In March 2014, the Commonwealth of Massachusetts Division of Capital Asset Management and Maintenance (DCAMM), as part of an ongoing water-infiltration study, contracted Simpson Gumpertz & Heger Inc. (SGH) to review interior staining and masonry deterioration at the southeast corner of the Massachusetts State House. At the same time, DCAMM alerted SGH that historic accounts suggest that there was a time capsule located in this area and that the capsule contains artifacts dating from the original cornerstone ceremony in 1795, and additional artifacts from 1855, when the time capsule was unearthed as part of emergency foundation repairs.

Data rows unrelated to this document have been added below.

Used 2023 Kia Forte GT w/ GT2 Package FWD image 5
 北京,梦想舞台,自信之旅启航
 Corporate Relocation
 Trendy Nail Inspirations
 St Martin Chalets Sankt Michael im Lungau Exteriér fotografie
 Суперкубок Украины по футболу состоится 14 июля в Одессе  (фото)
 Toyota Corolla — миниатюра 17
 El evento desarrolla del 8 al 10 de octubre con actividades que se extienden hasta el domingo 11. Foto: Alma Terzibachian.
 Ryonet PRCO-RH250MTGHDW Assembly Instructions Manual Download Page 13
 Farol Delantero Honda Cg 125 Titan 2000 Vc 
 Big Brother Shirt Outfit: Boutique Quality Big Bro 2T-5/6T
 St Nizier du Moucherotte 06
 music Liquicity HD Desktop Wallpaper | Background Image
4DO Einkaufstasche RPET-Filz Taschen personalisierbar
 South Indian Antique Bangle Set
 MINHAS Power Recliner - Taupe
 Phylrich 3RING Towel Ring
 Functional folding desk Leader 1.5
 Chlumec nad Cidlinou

SGH used ground penetrating radar (GPR) to locate the box. Once located, SGH then designed the shoring and removal procedure to recover the box. Walsh Brothers Construction assembled a team of contractors to erect the shoring and remove the masonry. The contractors removed four granite stones, weighing between 700 and 850 lbs, from the wall. They installed approximately 2,000 lbs of steel shoring to support the building during the stone removal.
On Thursday, 11 December 2014, SGH and Walsh removed the cornerstone, and then Museum of Fine Arts (MFA) conservator Pam Hatchfield, carefully freed the box from the plaster, encasing it in a recess in the bottom of the granite cornerstone.
DCAMM believes the time capsule contains a collection of silver and copper coins (dating from 1652 and 1855), an engraved silver plate, newspapers, a seal of the Commonwealth, cards, and a title page from the Massachusetts Colony Records. Governor Samuel Adams, Paul Revere, and William Scollay oversaw the 1795 ceremony. Winslow Lewis and Governor Henry Gardner oversaw the ceremony to replace the deposit in 1855.
Today, DCAMM announced an unveiling event at the MFA on Tuesday, 6 January 2015, where they will publicly open the time capsule.